Who Let the Dogg Out? His First is His Worst, So Call Him Off
By David Elliott
Union-Tribune Movie Critic
October 24, 2001
Original Link: No Longer Available
Mr. Dogg — only New York Times formality can suit his achievement here — stars as mythic bad-vibes pimp Jimmy Bones. His signature rap tune opens with, This is the story of Jimmy Bones / Black as night and hard as stone.
He is murdered in his pimp castle on a baaaad night back in ’79. His “fox” Pearl (Pam Grier, no less) and his favorite, sniveling stooge are forced to jam in the decisive blade after Bones has taken six or seven hot rounds. It’s the 99-cent, trick-or-treat version of “Julius Caesar.”
Of course, his “crib” becomes haunted, prowled by a devil dog who likes eating the bodies of idiotic suburban kids. They come to the slum for drug deals, posting their death no-tices with such lines as, “Dude, let’s get out of here!” It’s too late, because the special effects close-down options, with walls turning into mudslides of squirming corpses in a cheap imitation of Rodin’s “Gates of Hell” (other walls appear made of garbage bags).

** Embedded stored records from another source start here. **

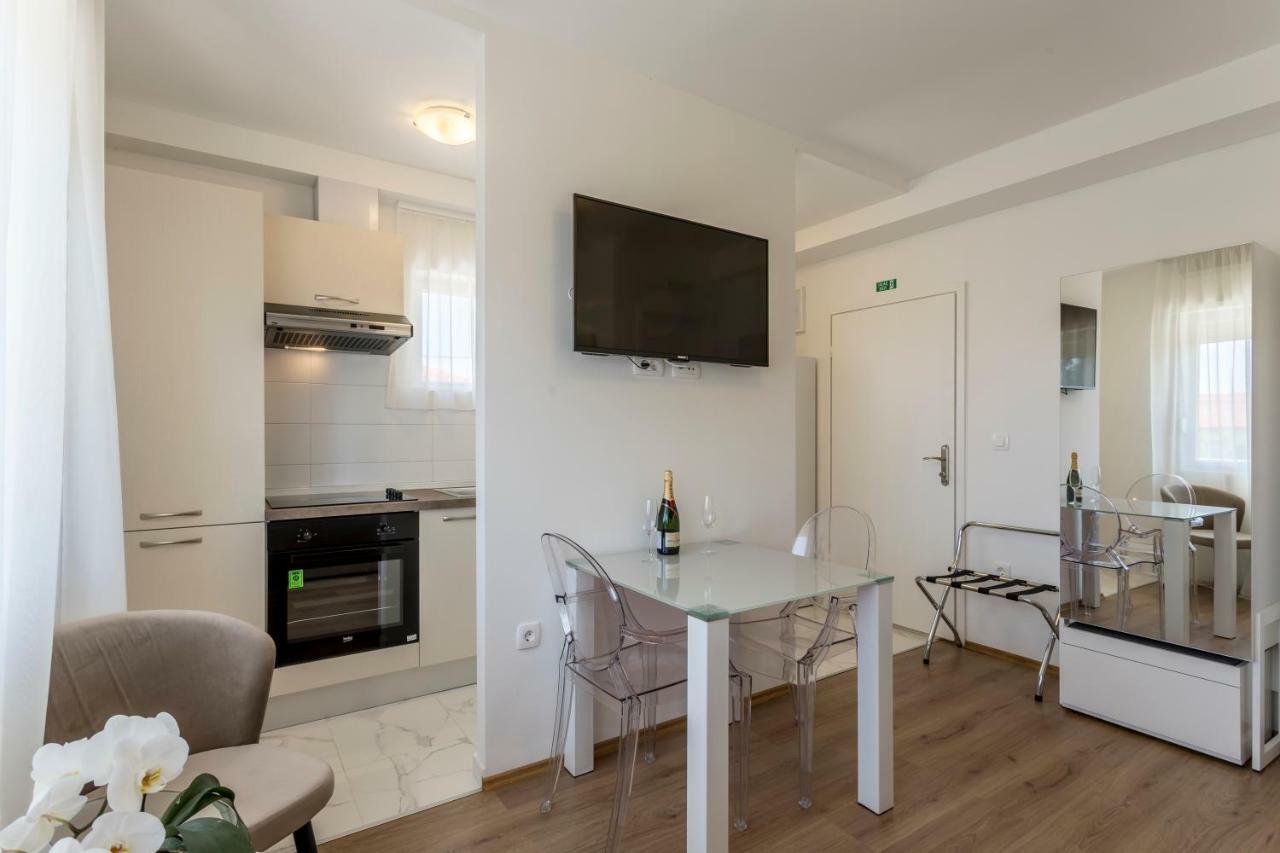 Mise Luxury Apartments Kaštela Kültér fotó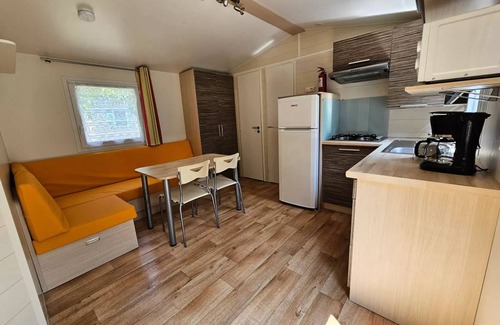 Graveson House | Campsite Les Micocouliers * - Mobil home 4 people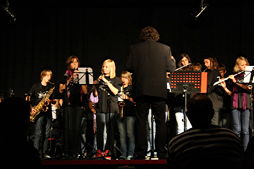 Foto vom gemeinsamen Auftritt der Klasse 8cb mit der Bogerman-Schule in Sneek am 03.09.2010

I may be wrong — it is easy to mistake details at these depths — but I think Bones starts reviving as more than bones in the basement, ’round about the time that the devil dog devours a heap of ground beef.

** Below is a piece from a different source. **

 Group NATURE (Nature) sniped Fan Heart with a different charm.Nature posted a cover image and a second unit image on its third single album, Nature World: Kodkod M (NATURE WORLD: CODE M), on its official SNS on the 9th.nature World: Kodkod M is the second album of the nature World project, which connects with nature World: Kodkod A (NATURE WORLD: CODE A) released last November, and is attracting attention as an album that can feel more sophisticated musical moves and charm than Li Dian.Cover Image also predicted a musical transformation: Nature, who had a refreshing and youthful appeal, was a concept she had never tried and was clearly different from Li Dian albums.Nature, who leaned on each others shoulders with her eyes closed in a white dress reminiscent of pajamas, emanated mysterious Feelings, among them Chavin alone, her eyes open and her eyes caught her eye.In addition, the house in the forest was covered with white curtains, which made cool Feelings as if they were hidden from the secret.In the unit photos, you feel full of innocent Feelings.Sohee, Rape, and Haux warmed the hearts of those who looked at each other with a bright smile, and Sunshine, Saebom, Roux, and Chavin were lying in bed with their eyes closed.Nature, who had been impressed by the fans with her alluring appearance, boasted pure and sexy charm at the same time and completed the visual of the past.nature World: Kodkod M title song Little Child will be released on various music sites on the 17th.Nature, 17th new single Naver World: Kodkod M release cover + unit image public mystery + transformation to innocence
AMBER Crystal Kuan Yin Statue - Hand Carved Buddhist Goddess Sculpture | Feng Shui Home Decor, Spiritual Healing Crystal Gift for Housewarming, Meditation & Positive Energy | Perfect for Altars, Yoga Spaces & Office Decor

This comes soon after a silly white chick, who came to help turn the old dump into a hip-hop dance club, looks at the canine’s burning red eyes and says, “Hey, doggie, hold my burger?” Later, the dog itself growls that he “don’t eat no fried chicken!”
So much for the dog, what of Mr. Dogg? The spieler of the hot album “Doggystyle” is no Tupac Shakur, though his deadly stare goes well with blaxploiter pimp suits. But then Shakur, the late, best hope for a valid rap invasion of film by a truly charismatic star, never had to contend with a monsoon of maggots or bleeding pool tables.

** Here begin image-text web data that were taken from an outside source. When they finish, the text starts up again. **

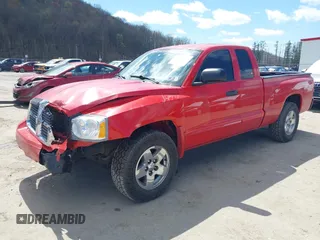 2005 Dodge Dakota SLT z VIN 1D7HE42K65S270202, wystawiony jako IAAI lot #41979560 z przebiegiem 35 508 mil mil oraz . Historia ofert i sprzedaży dostępna na DreamBid. Obrazek 2.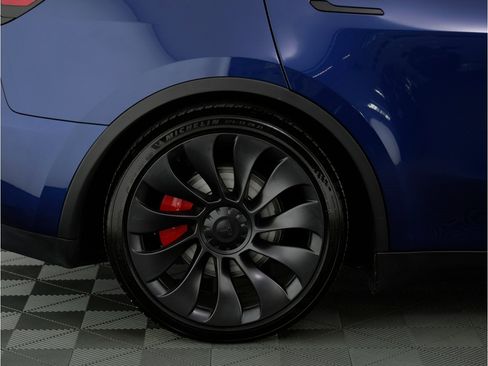 Used 2023 Tesla Model Y Performance image 47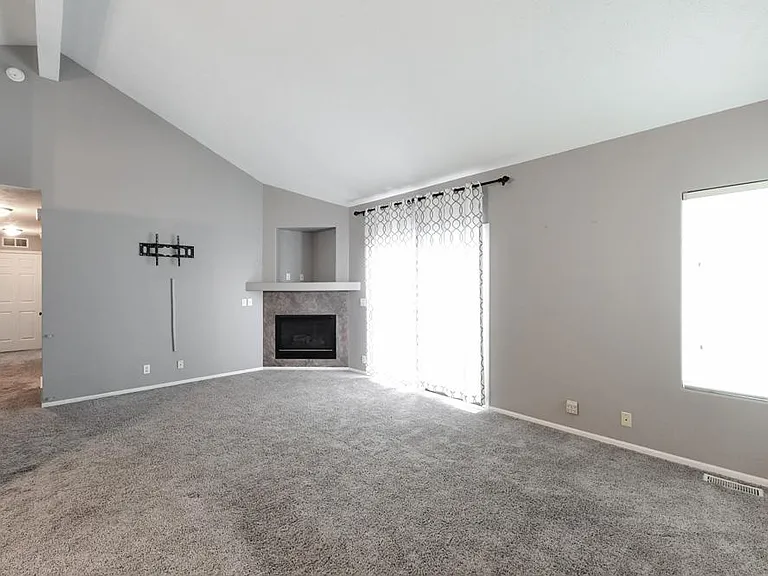 14507 S 31st St — Photo 9
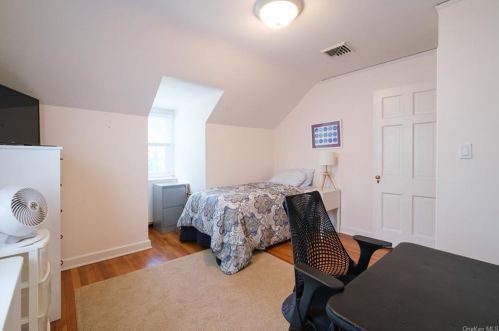 169 Douglas Pl, Mount Vernon NY 10552-1146 exterior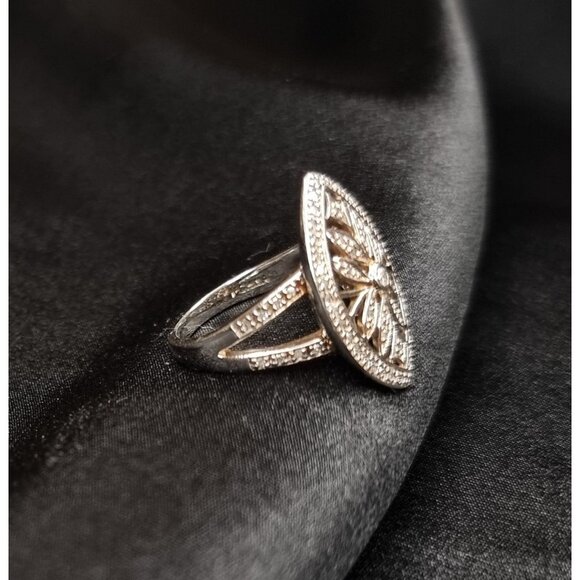 Moissanite 925 Sterling Silver Size 6.5 Stunning Floral Design - Picture 4 of 4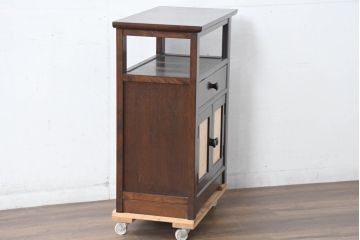 中古　松本民芸家具　和室にも洋室にも馴染む小振りなサイドキャビネット(サイドテーブル、コンソールテーブル、ナイトテーブル、戸棚、収納棚、茶棚、電話台、飾り棚)(R-084126)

Nor with Pam Grier wearing a do of dreadlocks that rivals Samuel L. Jackson’s in “The Caveman’s Valentine.” Pam, you made your quality comeback with “Jackie Brown.” No wig can hide your agony here.
The film’s fertile matrix was admirably stated by scripter Tim Metcalfe: “We learned that in addition to horror, Snoop loves Clint Eastwood’s work and was also interested in doing a Western. The two genres coalesced into a form where in the first half of the movie Snoop is the ghost in a classic haunted house story, and in the second he is more like the Clint Eastwood character seeking retribution.”
Well, there you have it. The Western element is fairly hard to find, though Bones’ pimp outfit finally favors a sort of full-drape, leather posse gear that seems closer to Lee Van Cleef than Eastwood (the quality level of the whole show is van Cleefian circa ’71). As for director Ernest Dickerson, noted former cinematographer, he maintains the gusto of his past B-zoners such as “Surviving the Game” and “Tales From the Crypt: Demon Knight.”
There is howler amusement here, though blaxploitative horror spoofed with so dense a pile-on loses force. You can beat certain genres to death for only so long, then they’re just dead. The current film “From Hell” shows that pompously, “Bones” does it ludicrously.